_Work request:_
With the pictures left out, restate exactly the part below that opens with the line containing "The Wager, Etc" and closes with the line containing "ART DECO *MODELE".
*** Opening Data records ***
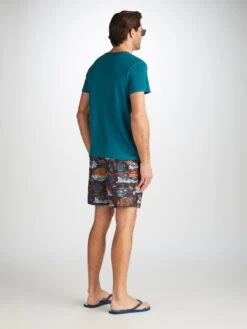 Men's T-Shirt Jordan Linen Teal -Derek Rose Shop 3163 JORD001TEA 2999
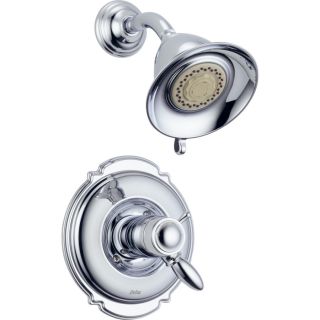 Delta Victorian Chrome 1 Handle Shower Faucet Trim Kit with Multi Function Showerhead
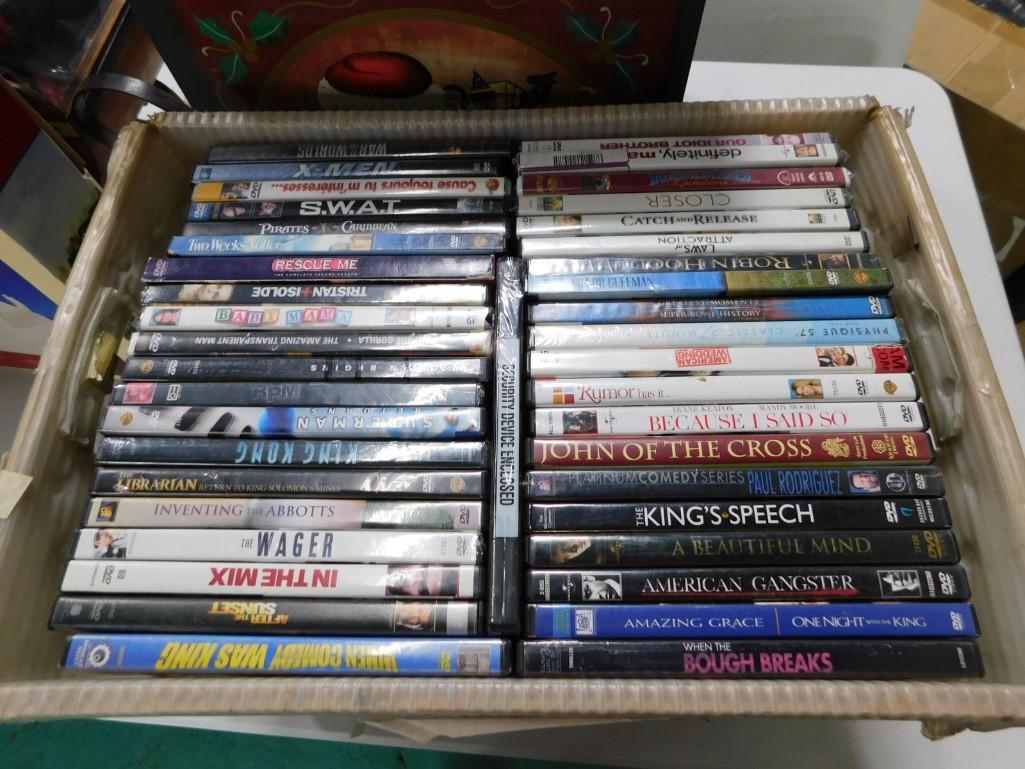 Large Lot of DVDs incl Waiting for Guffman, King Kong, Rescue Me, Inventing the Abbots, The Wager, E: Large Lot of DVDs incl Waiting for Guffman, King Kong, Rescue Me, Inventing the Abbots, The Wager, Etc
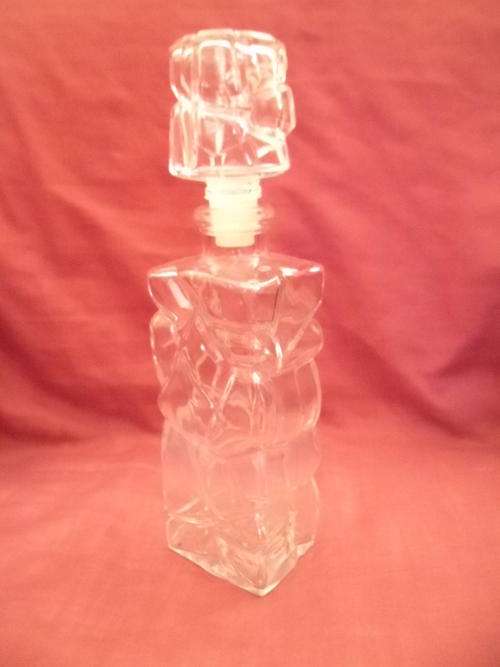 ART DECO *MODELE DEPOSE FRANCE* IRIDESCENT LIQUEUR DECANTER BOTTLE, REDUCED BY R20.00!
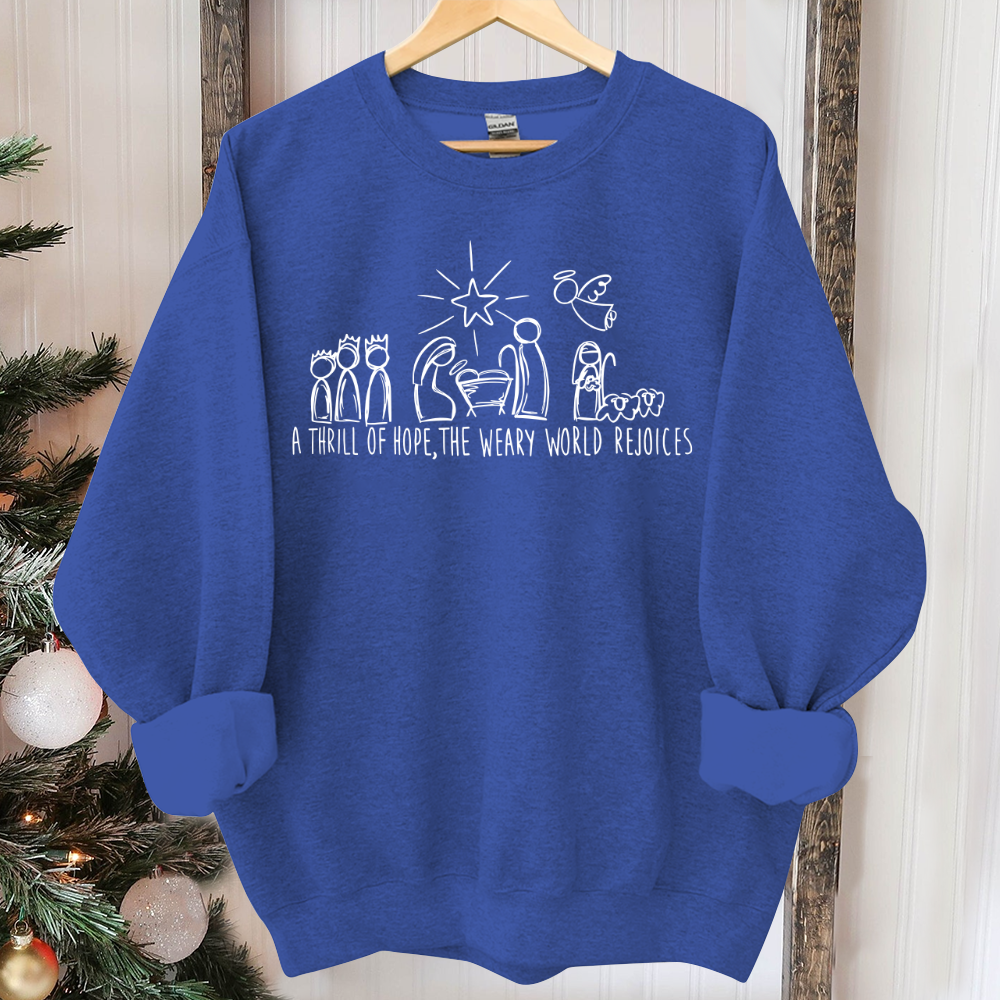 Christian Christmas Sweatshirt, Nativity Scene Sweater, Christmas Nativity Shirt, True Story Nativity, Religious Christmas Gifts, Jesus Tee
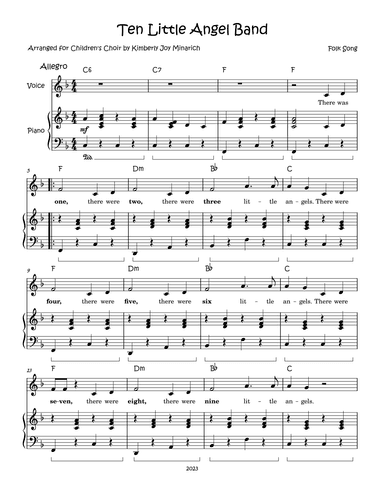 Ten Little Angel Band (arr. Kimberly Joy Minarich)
*** Closing Data records ***
_Reply:_
 Large Lot of DVDs incl Waiting for Guffman, King Kong, Rescue Me, Inventing the Abbots, The Wager, E: Large Lot of DVDs incl Waiting for Guffman, King Kong, Rescue Me, Inventing the Abbots, The Wager, Etc
 ART DECO *MODELE DEPOSE FRANCE* IRIDESCENT LIQUEUR DECANTER BOTTLE, REDUCED BY R20.00!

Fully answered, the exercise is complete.